[Dataset excerpts]

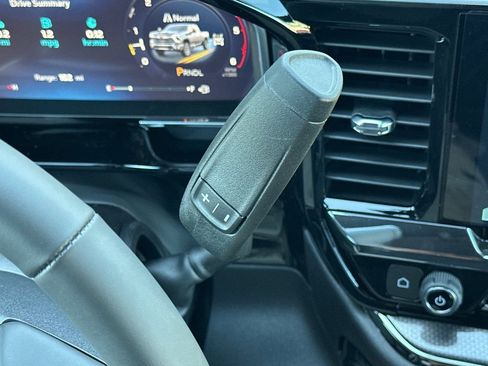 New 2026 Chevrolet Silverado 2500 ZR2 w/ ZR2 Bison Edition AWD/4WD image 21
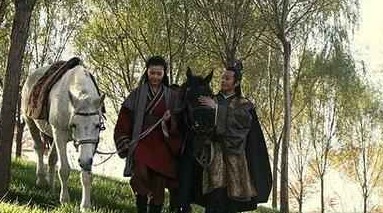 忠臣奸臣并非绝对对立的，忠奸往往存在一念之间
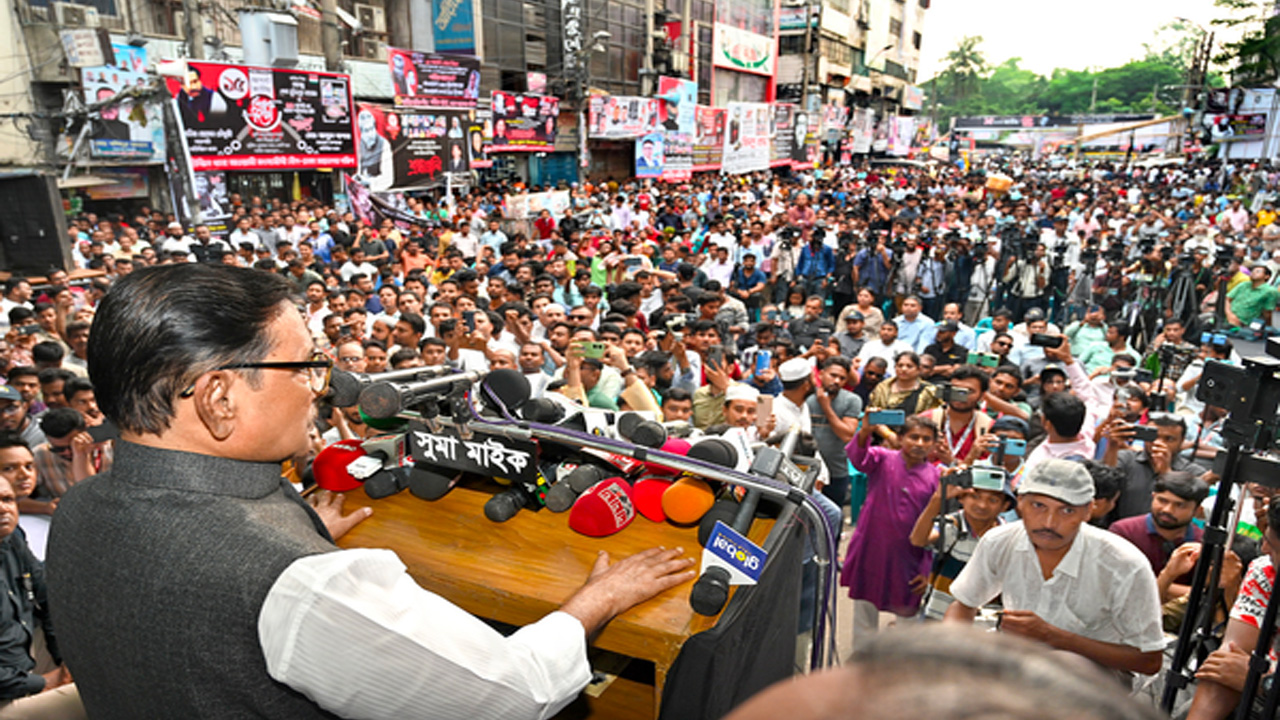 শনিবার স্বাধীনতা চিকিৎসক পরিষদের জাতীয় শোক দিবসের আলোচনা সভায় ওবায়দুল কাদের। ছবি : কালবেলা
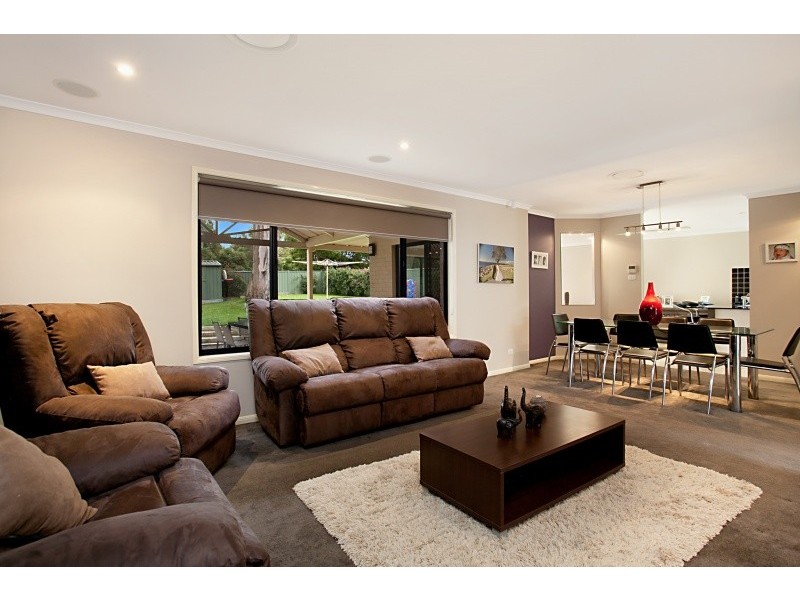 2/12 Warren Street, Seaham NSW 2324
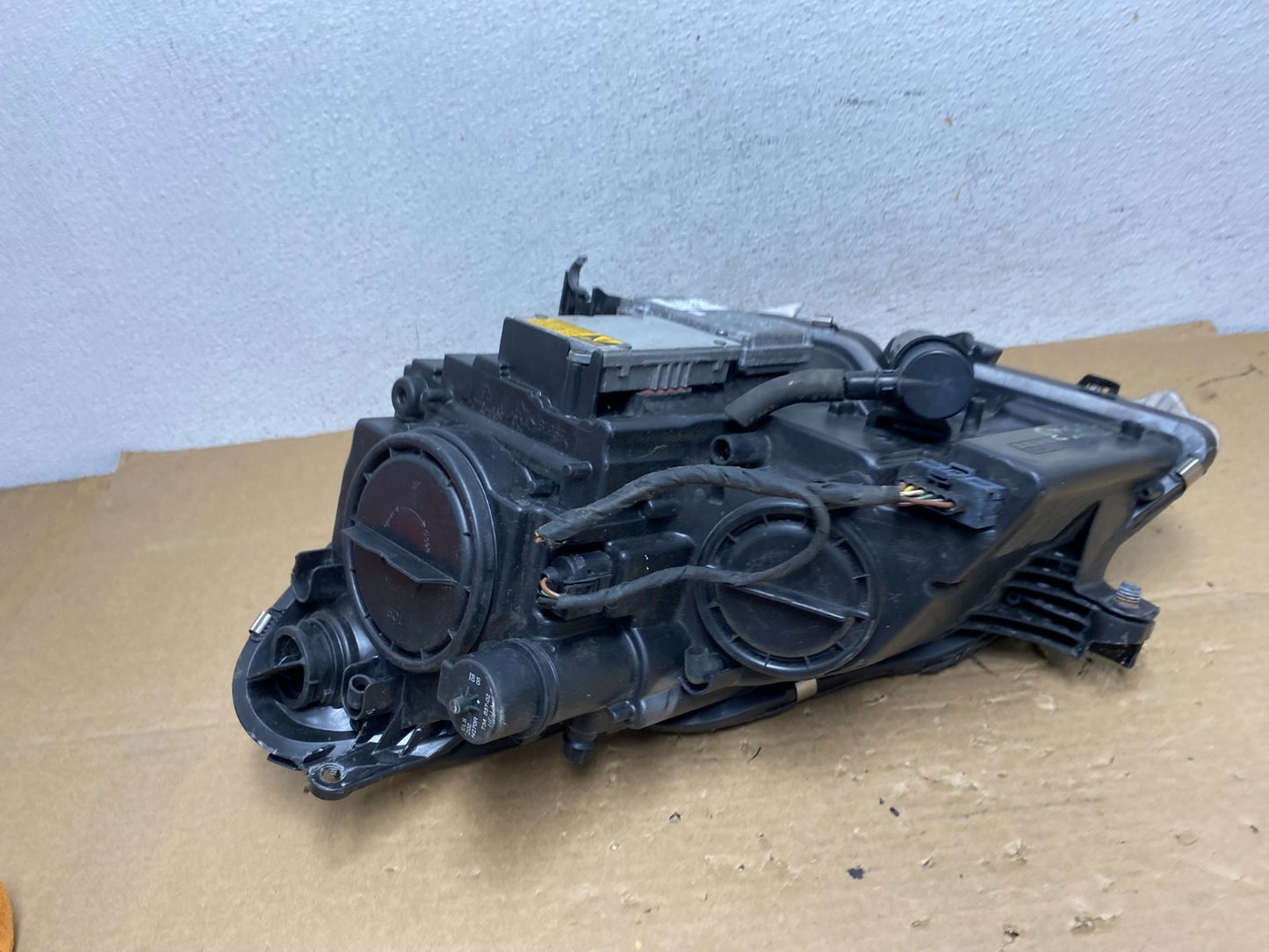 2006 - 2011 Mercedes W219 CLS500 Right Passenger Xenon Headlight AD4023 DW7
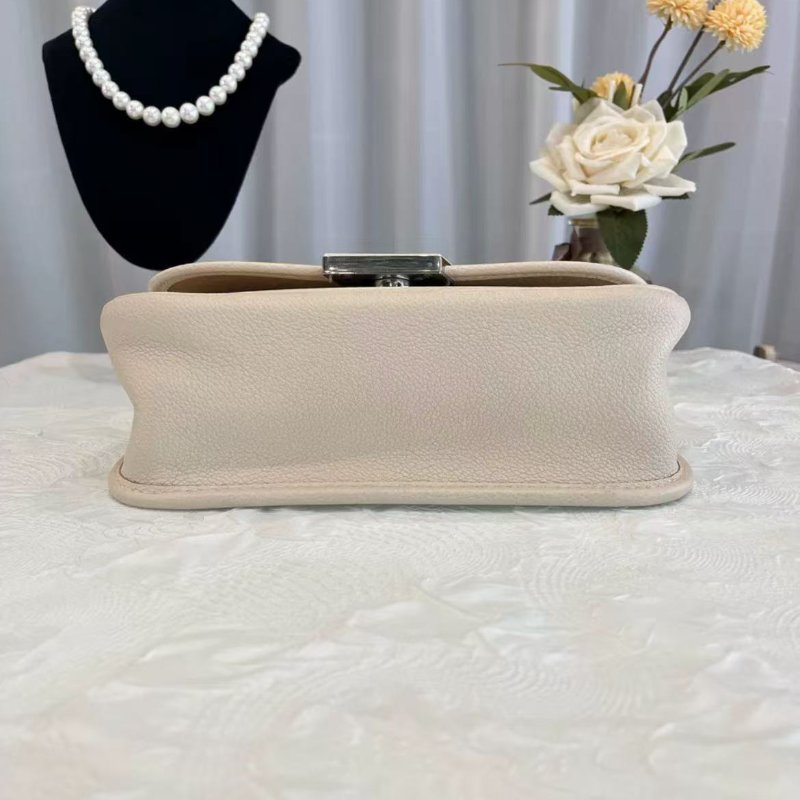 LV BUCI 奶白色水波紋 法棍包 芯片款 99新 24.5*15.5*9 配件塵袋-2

[/Dataset excerpts]

Problem requirements: From the line with "2/12 Warren Street, Seaham NSW 2324" through the end of the listing, write out every line exactly, leaving out the pictures.

Answer box:
 2/12 Warren Street, Seaham NSW 2324
 2006 - 2011 Mercedes W219 CLS500 Right Passenger Xenon Headlight AD4023 DW7
 LV BUCI 奶白色水波紋 法棍包 芯片款 99新 24.5*15.5*9 配件塵袋-2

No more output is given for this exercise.